False positive mixed_case_recommended_field for numeric values

MKuranowski commented 1 year ago

Describe the bug

The mixed_case_recommended_field warning is always triggered when a field contains digits, like route_short_name=A1 or trip_short_name=101.

Characters which are not letters should not be considered at all when comparing case.

Steps/Code to Reproduce

Validate a file which uses numbers in fields like route_short_name or trip_short_name.

Expected Results

No mixed_case_recommended_field warning for those fileds.

Actual Results

{
      "code": "mixed_case_recommended_field",
      "severity": "WARNING",
      "totalNotices": 360,
      "sampleNotices": [
        {
          "filename": "routes.txt",
          "fieldName": "route_short_name",
          "fieldValue": "A1",
          "csvRowNumber": 2
        },
        {
          "filename": "routes.txt",
          "fieldName": "route_short_name",
          "fieldValue": "ZA12",
          "csvRowNumber": 3
        },
        {
          "filename": "trips.txt",
          "fieldName": "trip_short_name",
          "fieldValue": "301",
          "csvRowNumber": 2
        },
        {
          "filename": "trips.txt",
          "fieldName": "trip_short_name",
          "fieldValue": "5301",
          "csvRowNumber": 3
        },
        {
          "filename": "trips.txt",
          "fieldName": "trip_short_name",
          "fieldValue": "103",
          "csvRowNumber": 4
        },
        ...
}

Screenshots

No response

Files used

https://mkuran.pl/gtfs/wkd.zip

Validator version

4.1.0

Operating system

Debian 12

Java version

openjdk version "17.0.6" 2023-01-17

Additional notes

No response

welcome[bot] commented 1 year ago

Thanks for opening your first issue in this project! If you haven't already, you can join our slack and join the #gtfs-validators channel to meet our awesome community. Come say hi :wave:!

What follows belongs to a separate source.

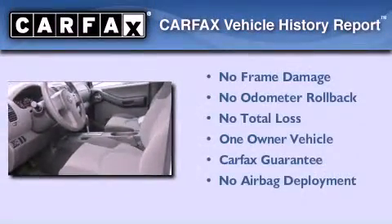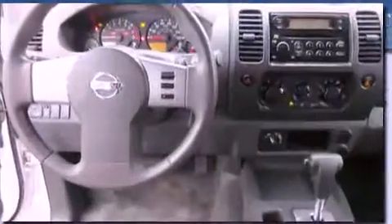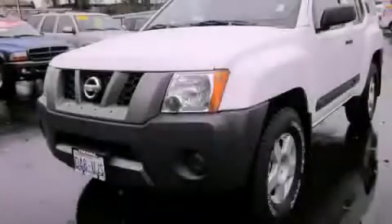This Nissan has had only one owner, and it qualifies for the Carfax buy-back guarantee. Please call us today for more information on this great vehicle.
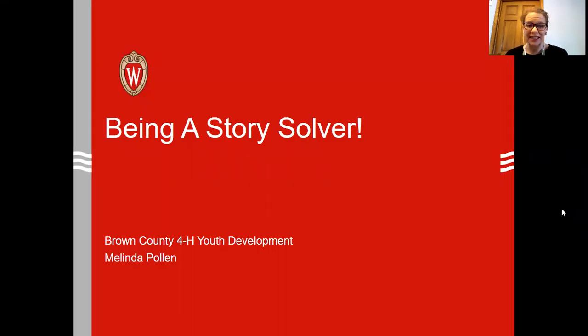Hello, everyone. My name is Melinda Pollan. I'm the Brown County 4-H Youth Development Educator. And today I just want to give another opportunity for us to do some hands-on activities in the comfort of our own home. Today's activity is called Being a Story Solver, and we're going to use books we have laying around the house or stories you might know by heart to encourage our young learners to be engineers and solve some story problems.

Welcome to the community and thank you for your engagement in open source! :tada:

briandonahue commented 1 year ago

@isabelle-dr How do we want to approach this? It looks like in some cases when numbers are present, we don't want to throw the warning: A1 103B 1205

In those cases we could skip the mixed case validation altogether, but how about longer strings? Should we have a length minimum or number of letters in a string before mixed case is considered? Thinking about strings like:

MY ROUTE 100 route 1 boulevard

etc

isabelle-dr commented 1 year ago

@briandonahue thanks for having a look at this. After giving this some thought, here is a proposal: We could modify the logic so we only run this check if the field value contains at least one " " character and if it doesn't contain only numbers. This means that the following values would be valid: ZA12, 1205, 1205 1.

cc @tzujenchanmbd

briandonahue commented 1 year ago

@isabelle-dr I had a couple thoughts. 1) I think the current implementation has another flaw - I believe it only checks for the 26 letters of the basic alphabet /[a-zA-Z]/ which will not match characters such as àâçéèêëîïôûùüÿñæœ (and probably others).

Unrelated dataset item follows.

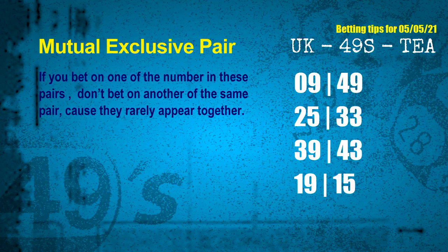These numbers in a pair both match the following ones and colors, but according to thousands of results before, they rarely appear together. Which means if you bet on one of them, don't bet on the other in the same pair. The mutual exclusive pairs for the next draw are: first pair, 09 and 49; second pair, 25 and 33; third pair, 39 and 43; fourth pair, 19 and 15.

2) Given the above, I think maybe a better check would be:

the value contains more than one "letter" (defined as non-numeric, and non-white-space characters)
AND the original value is the same as the value after being converted to all upper OR all lower case (this will of course not affect numbers and white space, but should handle other characters more efficiently than a regex)

We may still get some false positives if there are values such as AA-103 or B-34-C or D-E etc. But it is a recommendation/warning not an error, and it shoudl cut down significantly on false positives for numeric values or single-letter + numbers.

// if more than one non-numeric, non-whitespace character
if((value.length() - countNumericChars(value) - countWhiteSpaceChars(value)) > 1) &&
// AND the value is all upper OR lower case characters
(value.toLowerCase() == value || value.toUpperCase() == value){
    notices.add(new MixedFieldNotice());
}

isabelle-dr commented 1 year ago

I like this idea! We would still get the notice for something like ZA12, right? Should we also add the following condition so that we differentiate acronyms (such as ZA12) from the natural text (such as Route 1B)?

the field value contains at least one " " character

briandonahue commented 1 year ago

I like this idea! We would still get the notice for something like ZA12, right? Should we also add the following condition so that we differentiate acronyms (such as ZA12) from the natural text (such as Route 1B)?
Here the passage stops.